Tonight when I was sitting with the girls to help calm them down for sleep we talked about what we will do tomorrow.  The list so far is to paint, make brownies, read a few (specific) books they were looking forward to, play a game, put a puzzle together.  Oh, and I said before we did anything fun we'd need to clean their room (which is really bad right now and no fun to be in.)  But even that doesn't seem like a very big deal anymore.  Yes, it will be cleaning it up AGAIN with everything dumped out, but what should I be teaching them?  That messes are annoying and bothersome and WORK, or is it just life and what we do?  Can we develop good habits and handle every day things like this or do they build up in our minds and turn into these "huge" struggles.

 I felt that way with emptying the dishwasher.  It shouldn't be such a big deal, but it was.  I'd think to myself every time that I had to do it, "I hate emptying the dishwasher *grr*" and grump in my head about it the whole time.  A few years ago though I decided to make it a habit and decided to put it out of the "I hate this" into accepting it.  I wonder how many stay at home Mom's could be encouraged to know that it all CAN get easier.  That is, it can feel easier even if what we do stays the same.  We don't need perfect homes (and shouldn't strive for that) but we do need to keep up with dishes and laundry and the basics and make little changes to help make our lives run smoothly.  One way to make this happen is to pick a habit you want to develop and learn to accept it and not make it such a big deal in your head.  It's amazing how little time it takes to do a little task (that seems so large in my head.)
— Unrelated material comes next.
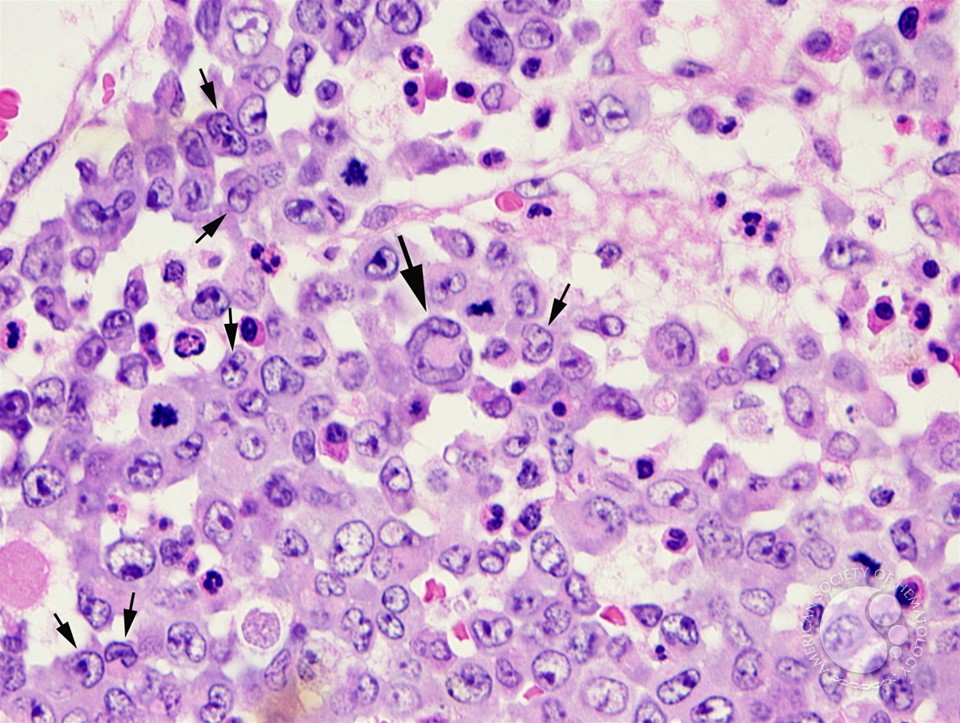 Anaplastic Large Cell Lymphoma: Symptoms and Treatment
My middle daughter was making a HUGE deal out of getting dressed.  Procrastinating about it like crazy and one day I got the idea that I'd help her get dressed while slowly counting.  I only counted to 20 and she was dressed.  We've been working on that some since and she's learning that it really doesn't take long to do.  It's just helping her take something that seems so big in her head and putting it in reality and making it quick and easy.

I make things so much bigger than they really should be too often.
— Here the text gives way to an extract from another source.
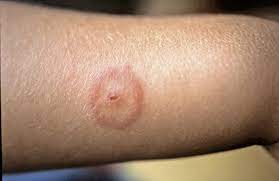 Praxis Sommer Was Sticht Denn Da Doctors Today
Which brings me to another thought that maybe should be in another post, but I'll add it here.

I read an analogy recently about teaching a child to read before they are ready and how it could be likened to trying to teach a child to climb a tree before they are tall enough.  Being too short (unready) they fall and hurt their knee, but six months later when they are tall enough (ready) to climb the tree they only remember skinning their knee.  They only remember the pain and don't know that now it would be easy for them to do.  It's a big deal in their head because they weren't ready when they first tried and they only remember failing.

I used to hate hearing someone say "You could sell that" to something that I'd make.  Or make some other comment about how I could earn money by being all entrepreneurial with one of my talents.  After reading the analogy about the tree and not being ready I began to look back at my life and growing up and realized where that came from.  Very often my Dad would try to encourage me to make money (somehow) or think up a business plan for a skill that I *could* develop.   This was mostly around when I was 14 and up.  It was a LOT of pressure and if I decided that I really didn't want to do whatever we'd talked about (as a future career) I'd feel like a failure.  He got upset when I took off the business name that he'd had professionally embroider onto a music bag that he'd given me.. even though I'd decided that I didn't want to start that certain business.  Every time I saw the name embroidered on that bag I felt like a disappointment.  I felt that pain from the "skinned knee" so to speak.  Even when we are just trying to encourage our kids towards something it can have the opposite effect.  I know that people who say that I could make money off of something that I've made are trying to encourage me.  They are praising the work that I've done!  But all I can remember is how I felt when I was young and how unready I felt (back then) and unsure and how I had no knowledge of how to go about selling the things and how, when I'd try to, it would all fall flat.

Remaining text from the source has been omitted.